О чем могла думать Татьяна? Она думала об Антонио и о том, как облегчить его участь. Она думала о детях Антонио, о малышах Делио и Джулиано-Юлике. Она думала о сестре Юлии и о Москве, о далекой Москве. Она думала о том, что Антонио ждет суда, о том, что готовится процесс, тот самый большой процесс, о котором еще столько будут говорить и писать.
Суд и приговор
Материалы «большого процесса» были обнаружены спустя два десятилетия, уже после падения Муссолини. Было найдено и интереснейшее письмо Грамши — «Уважаемому г-ну Председателю Особого трибунала по охране безопасности государства, Рим». Письмо это отправлено из миланской следственной тюрьмы 3 апреля 1928 года, во всяком случае на нем стоит эта дата. В письме много места уделено чисто юридической полемике, подчеркиваются неправомерность обвинения, нарушения юридической процедуры и так далее. Подробный разбор письма едва ли здесь уместен, Грамши должен был написать его, но едва ли он верил в то, что фашистские судьи под влиянием какой-бы то ни было аргументации изменят свое решение; ведь, кстати, и решение это было выработано заранее самим Муссолини, в чем ни Грамши, ни другие обвиняемые коммунисты, естественно, не имели оснований сомневаться.

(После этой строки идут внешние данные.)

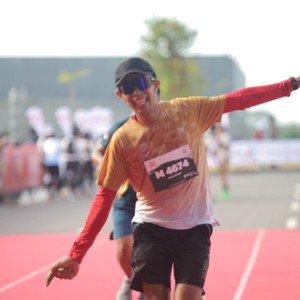 Race photo from KEDIRI HALF MARATHON 2026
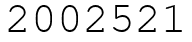 Число 2002521.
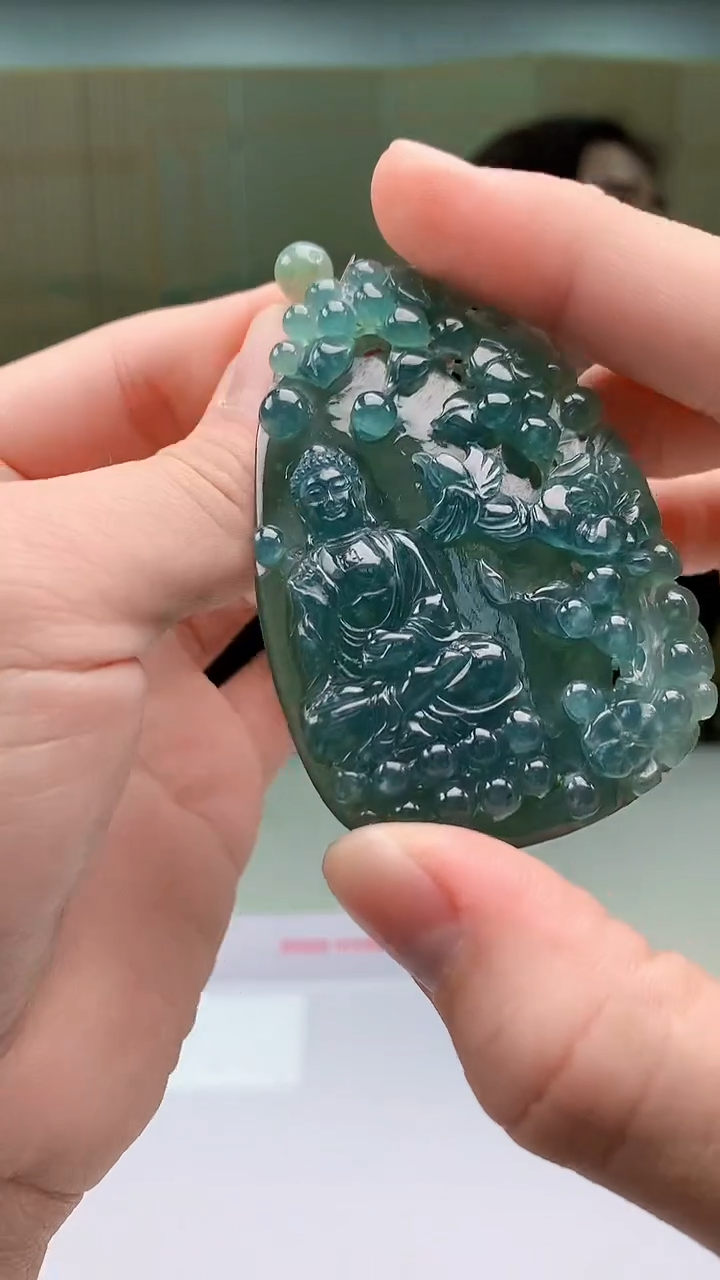 【闪购商品】定制翡翠未镶嵌4829bb-毛货挂件83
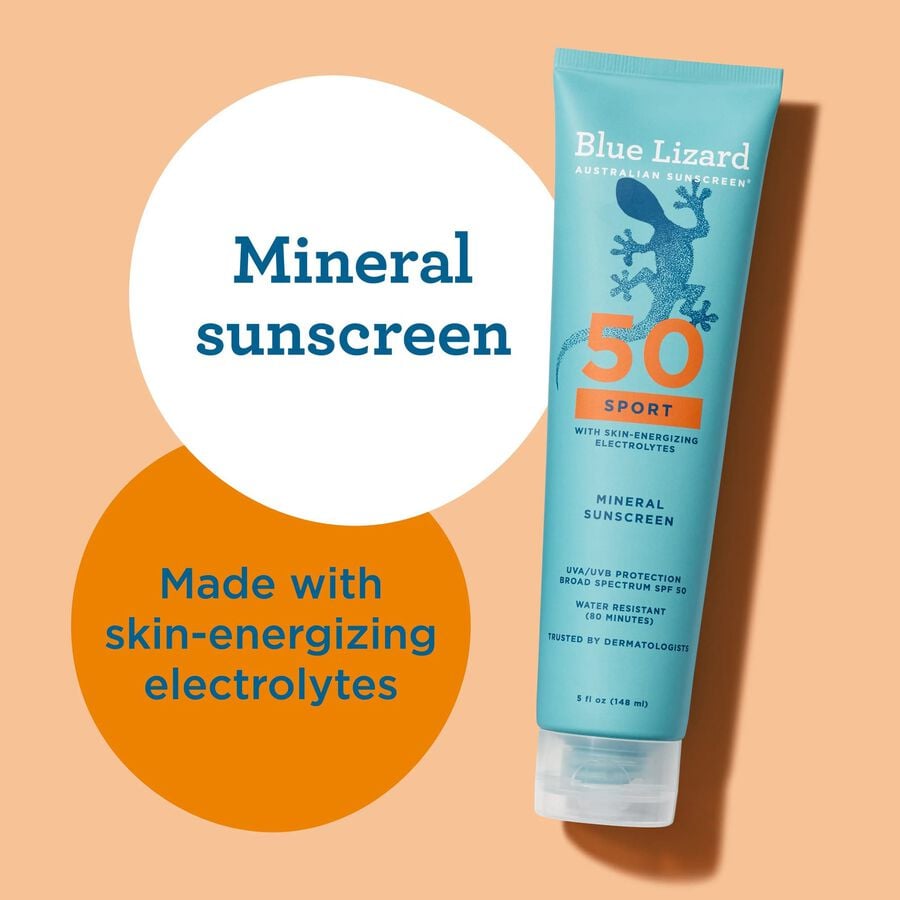 Blue Lizard Sport Mineral Sunscreen Lotion, SPF 50, 5 fl. oz., , large image number 4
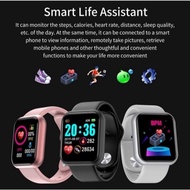 Y68 Smart Watch Waterproof Fitness Watch jam tangan perempuan Sport Watch jam tangan digital lelaki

Но в этом письме много внимания уделено тем попыткам воздействовать на Грамши, которые предпринимались тюремными властями, вероятнее всего, по наущению свыше. Впрочем, может быть, и попросту в порядке местного творчества. В камеру к Грамши — в Болонье и потом в Милане — подсаживали некоего Данте Романи (так он по крайней мере себя называл), уверявшего, что он-де паровозный машинист по профессии и анархо-синдикалист по убеждениям. Этот Романи брался передавать на волю политические распоряжения Грамши. Конечно же, это была самая дешевая полицейская провокация, прозрачная донельзя; и тюремные власти, убедившись в, бесплодности своих попыток, убрали Данте Романи из камеры Антонио. А в миланской тюрьме к Грамши с провокационными предложениями обращался некий Коррадо Мелани, бывший фашист. Он предлагал коммунистам приобрести имеющийся у него материал, компрометирующий фашистских главарей. Все это была чрезвычайно грубая работа, и Грамши не отказал себе в удовольствии написать об всем этом г-ну Председателю Особого трибунала.